The evolution of Palm; Apple serves up servers
Magazine Contributor
2 min read

This story appears in the October 2002 issue of Entrepreneur. Subscribe »

Pocket Power

Things aren't so simple for Palm anymore. Black-and-white screens are giving way to color displays. Pocket PC-style ARM processors are supplanting slower DragonBall processors. The operating systems division, PalmSource, is being officially split from the hardware division. They're craving a greater reach into business markets. With the arrival of the new Palm OS 5 operating system, we'll see more multimedia capabilities and more secure wireless features. Is this all starting to sound like a Microsoft Pocket PC? In some ways, yes. In other ways, no.

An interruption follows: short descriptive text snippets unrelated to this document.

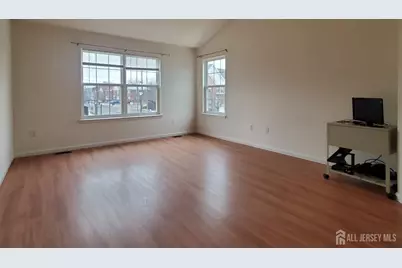 202 Alder Court, New Brunswick, NJ 08901 - Photo 12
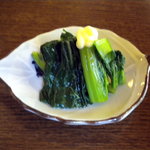 そば処　花の里 - おそばの前に出てきました、多分水かけ菜です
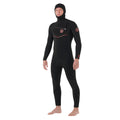 Traje de neopreno Rip Curl F-Bomb Fusion Chest Zip Hood 4/3 en negro, vista frontal con la capucha puesta, mostrando la cremallera diagonal en el pecho.
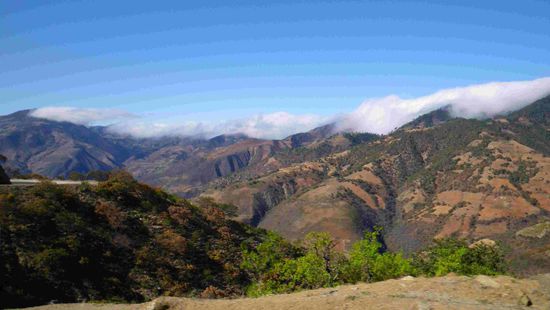Langsam verzieht sich der Nebel und die wunderschöne Landschaft kommt zum Vorschein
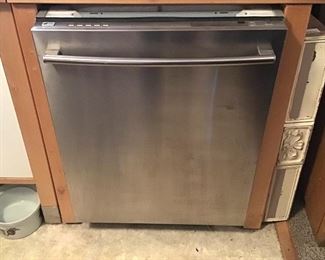 LG Dishwasher (ready to go, not hooked up to power or water)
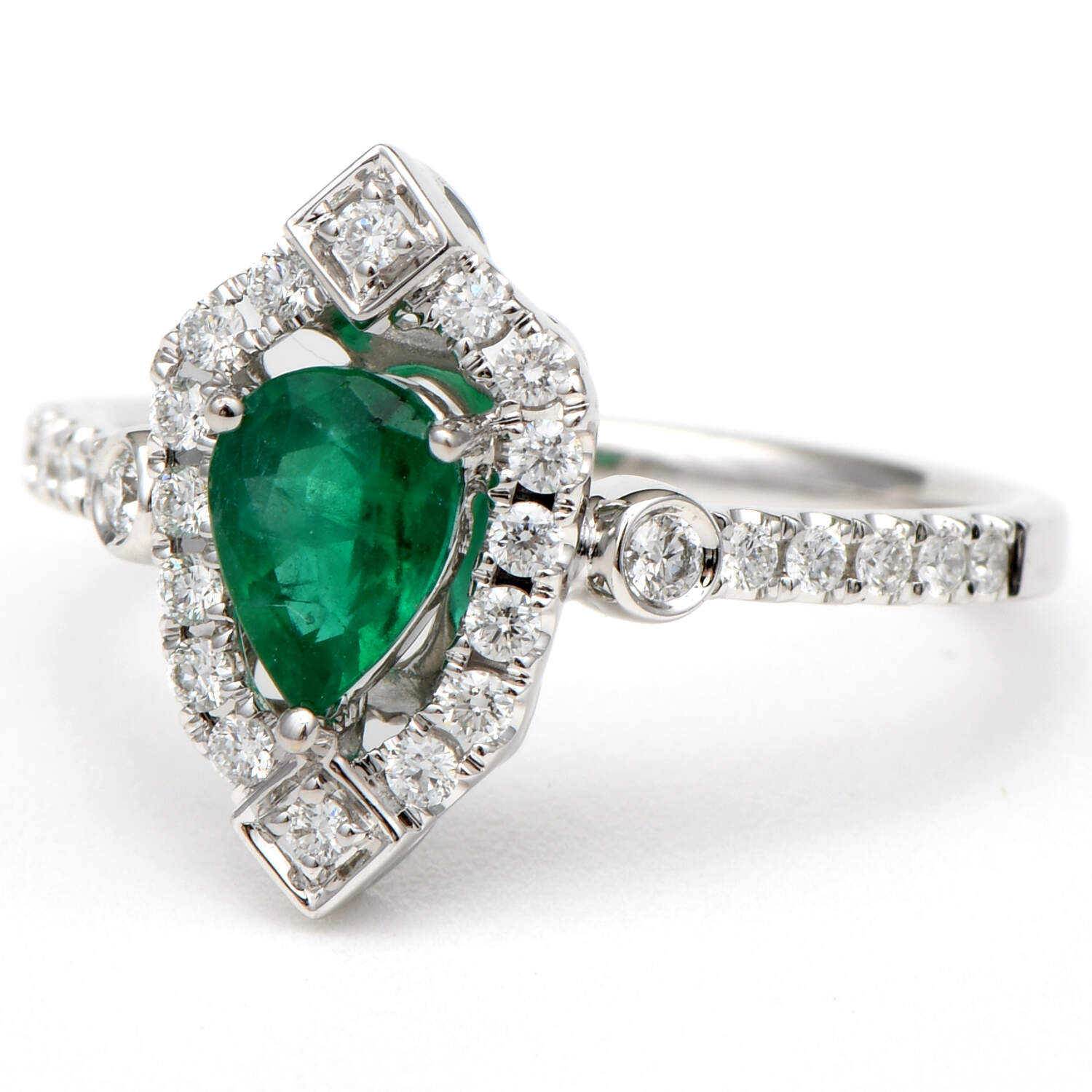 18KW Emerald(0.66) & Diamond(0.32) Halo Ring-1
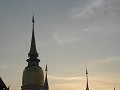 Zonsondergang bij Wat Suan Dok...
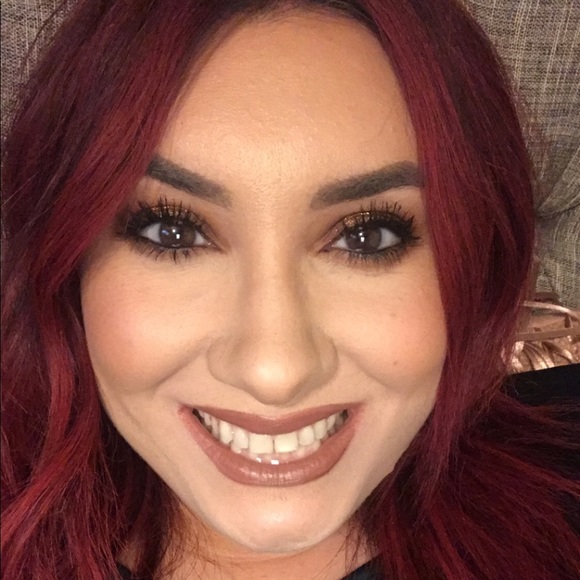 Meet your Posher, Alexis - Picture 1 of 1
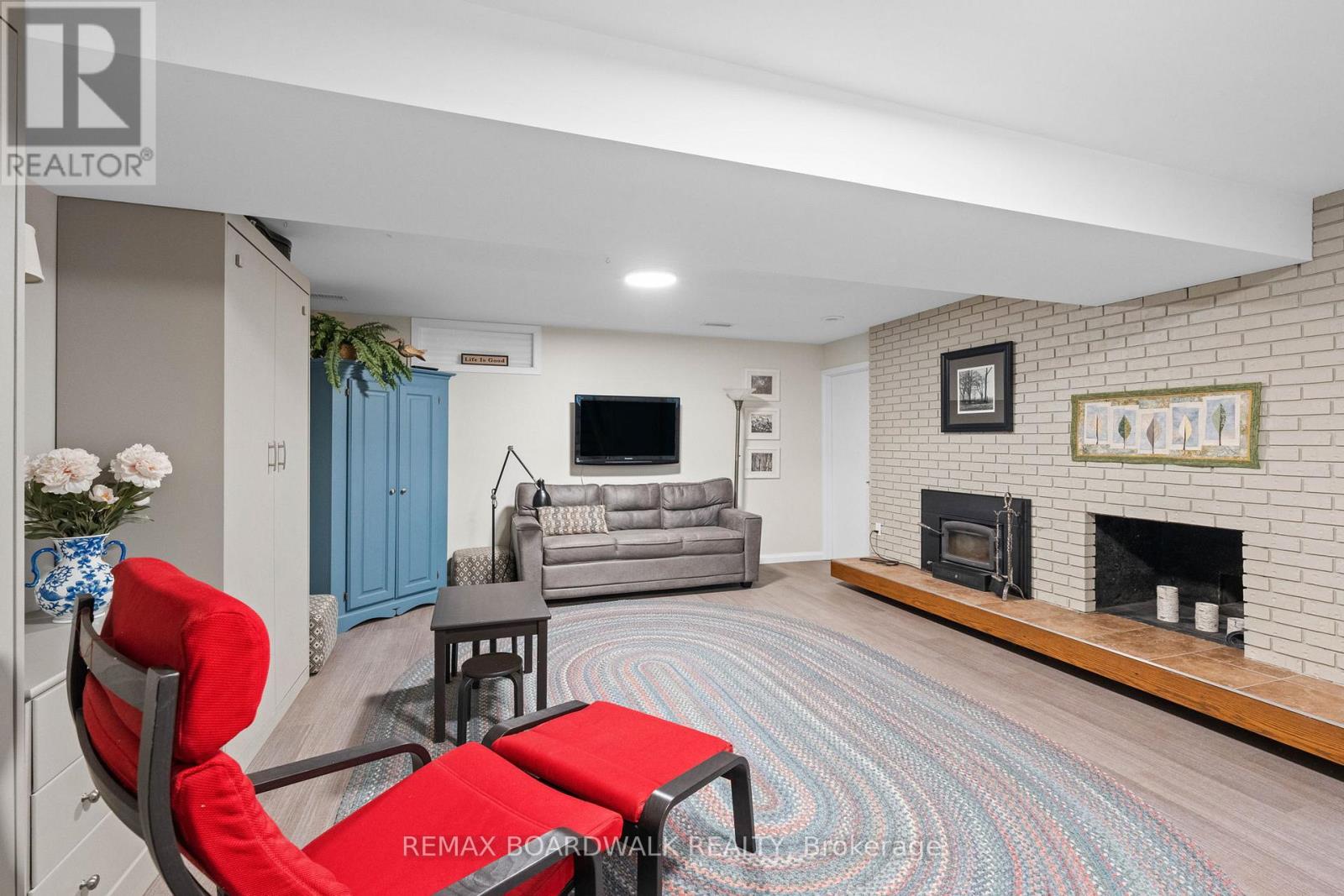 5984 Third Line Road N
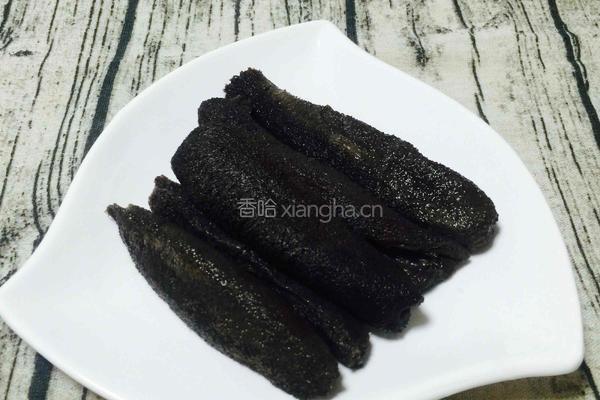 黑沙海参冬菇猪骨炖汤的做法图解2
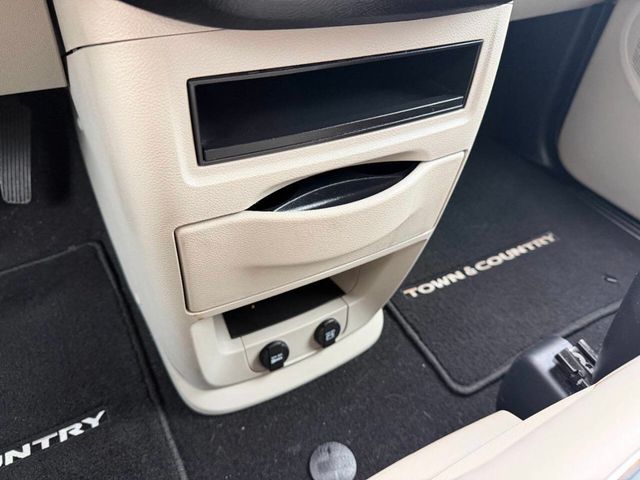 2016 Chrysler Town & Country 4dr Wagon Touring - 22970612 - 41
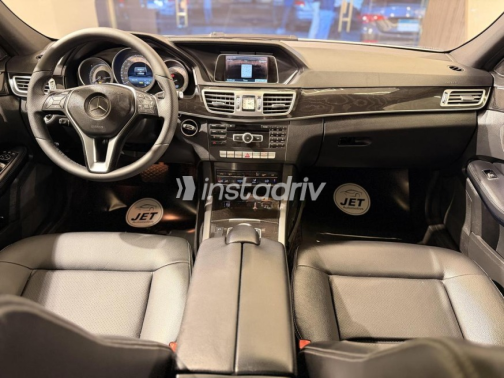 Mercedes E 200 2014 White Automatic Used for Sale in Nasr city - 10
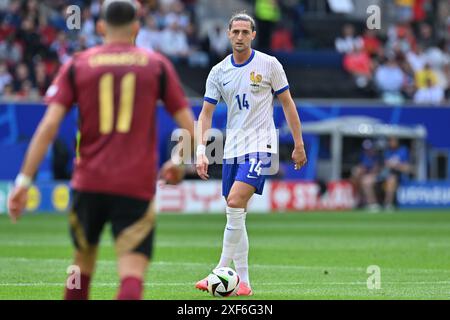 Dusseldorf, Allemagne. 01 juillet 2024. Adrien Rabiot (14 ans) de France photographié lors d'un match de football entre les équipes nationales de France, appelées les bleus et de Belgique, appelé les Red Devils dans une manche de 16 éliminatoires du tournoi UEFA Euro 2024, le lundi 1er juillet 2024 à Dusseldorf, Allemagne . Crédit : Sportpix/Alamy Live News Banque D'Images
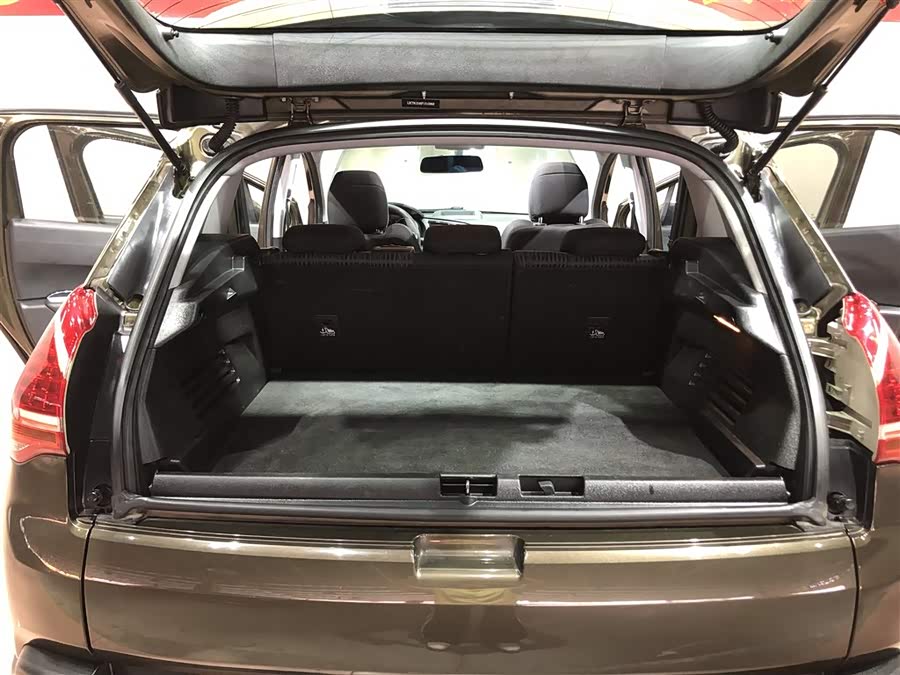Peugeot 3008 2015 صورة سيارة #21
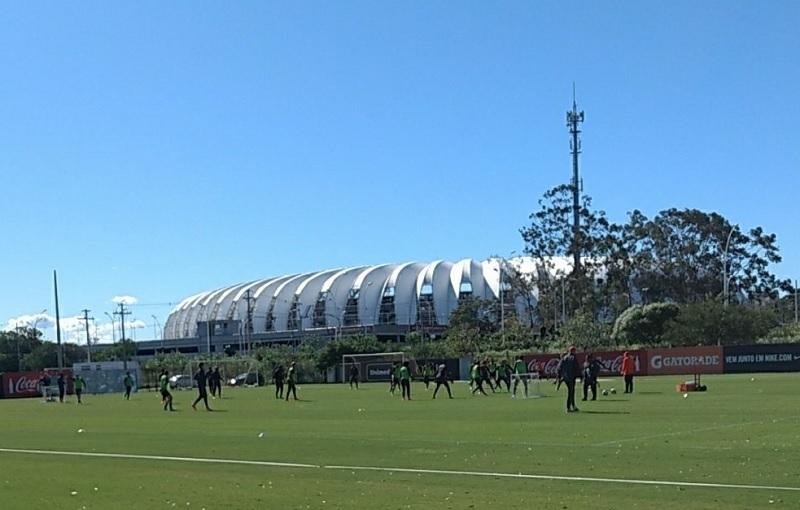 Gripe tira Cuesta do treino do Inter desta manh&atilde;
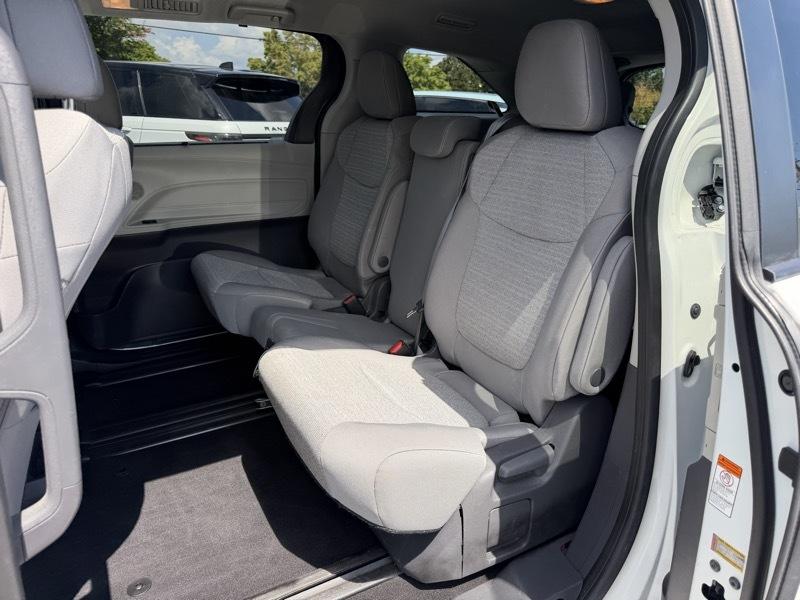 Toyota Sienna LE 8-Passenger 2021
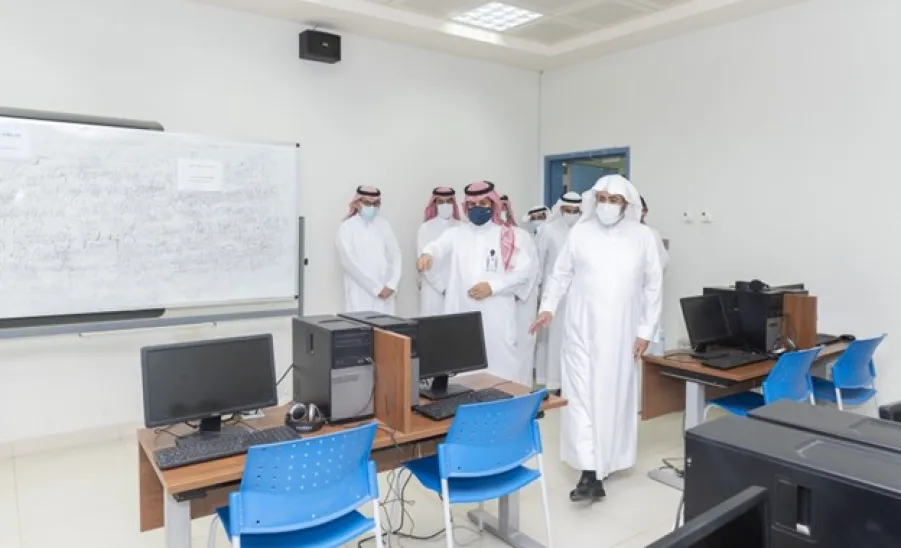 Deanship students are back to classes  - جانب من زيارة وكيل الجامعة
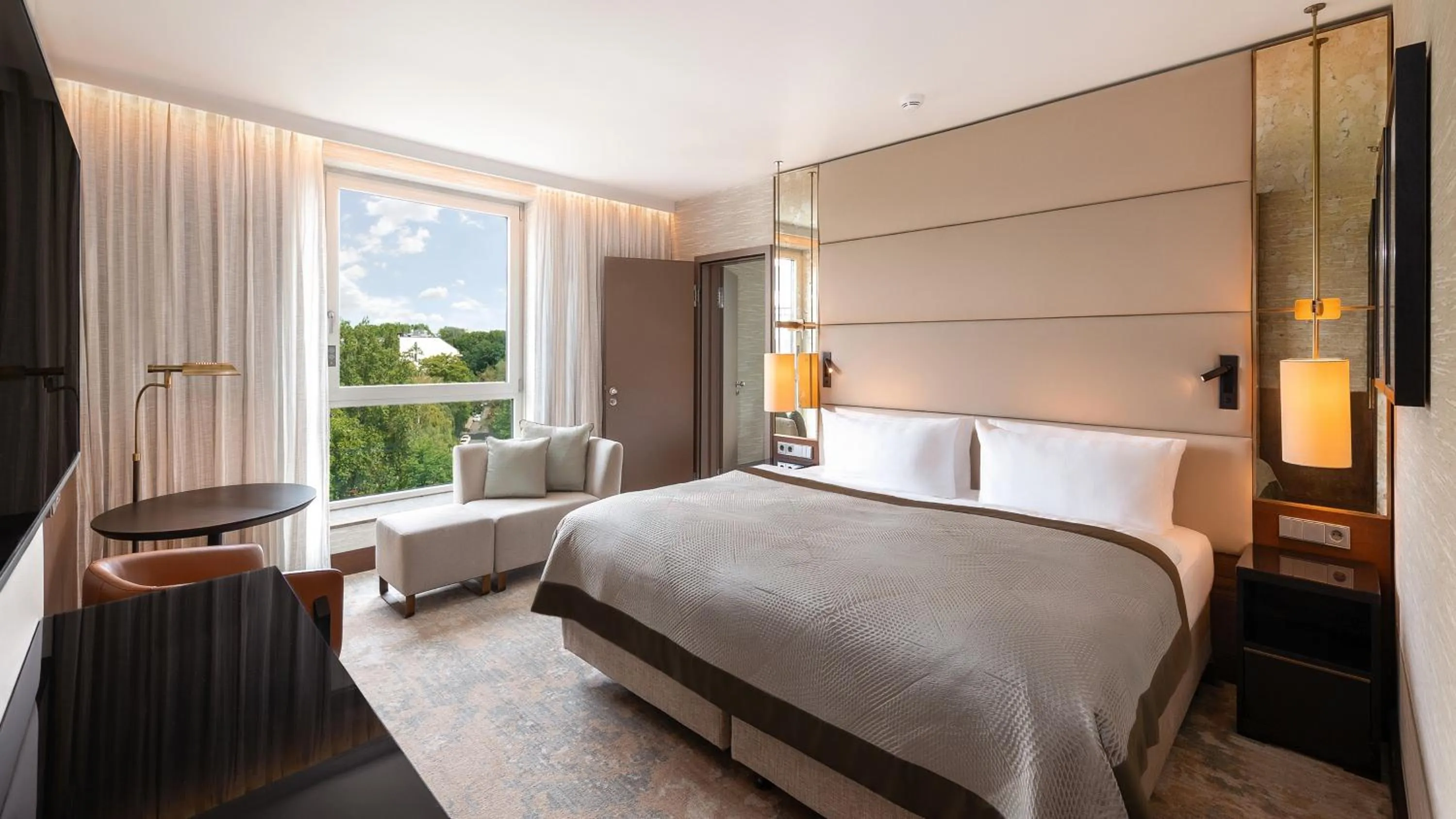 Bedroom, Bed in InterContinental Berlin by IHG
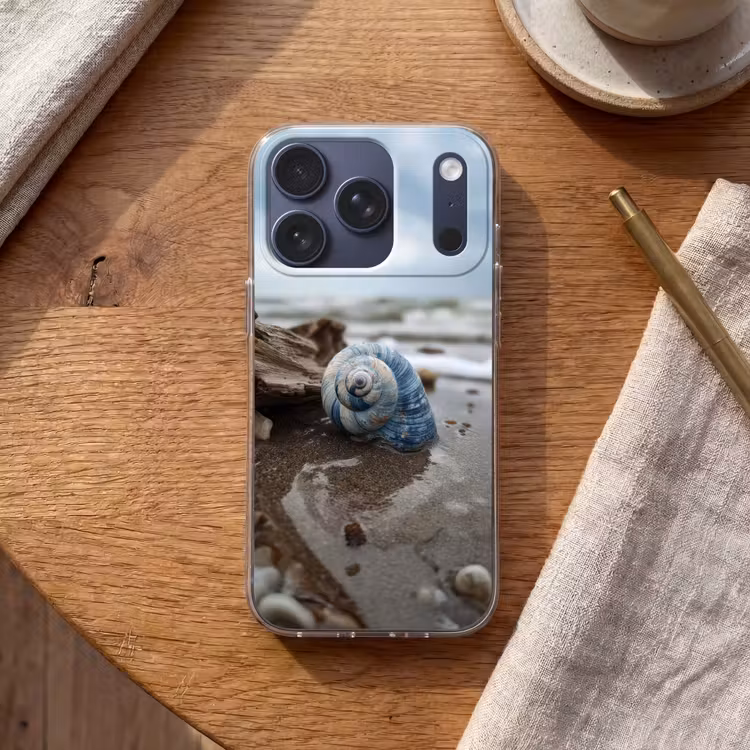 Schelp - Strand - Blauw - Zee Telefoonhoesje iPhone 17 Pro klein -sfeer1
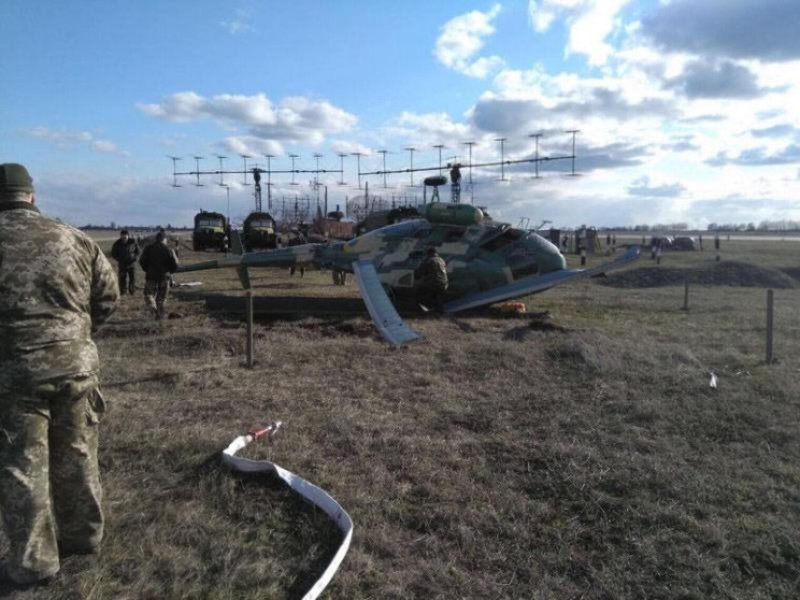 Аварийный вертолет ми 8 ВСУ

The true price of Palm evolution could come in the area of your pocketbook. Faster processors, color screens and more advanced hardware components may be reflected in higher prices. The new crop of hardware and software is already trickling out to market, but it will really pick up in the first half of 2003.

When you're selecting or upgrading to a new PDA, it will be more important than ever to keep an eye on your bottom line.

Also, the release of new, more powerful Palms is very good news for entrepreneurs who may feel a little inhibited by Palm's limited processor strength. Sony's Clie line, in particular, has tried to push the boundaries of the current OS with multimedia features and color displays, both of which Pocket PCs have touted from early on. Still, Palm has built its reputation on ease-of-use, so don't expect them to let that aspect go to seed.

Serves You Right

Apple is taking some nibbles at the server market. (All you dedicated PC users out there might want to skip to the next article.) Starting at $2,999 (street), the Apple Xserve 1U delivers a 1GHz PowerPC G4 processor, 256MB RAM, a 60GB hard drive, a CD-ROM drive, USB and FireWire all packed in a rack-mountable case. As the price goes up, the specs get juicier. And, yes, it looks cool. Of course, the Xserve certainly isn't for everyone; natural fits for this new server are in Mac-laden offices and in demanding graphics workgroups. Looking at the getting-down-to-business side of things, the Xserve can easily handle common functions such as e-mail and deal with Windows files. Four hot-swappable drive bays all make for easy expandability as your office demands grow.

You won't save money over a comparable Windows or Linux server, but the Xserve is a solid offering that can fill out a Mac network with style.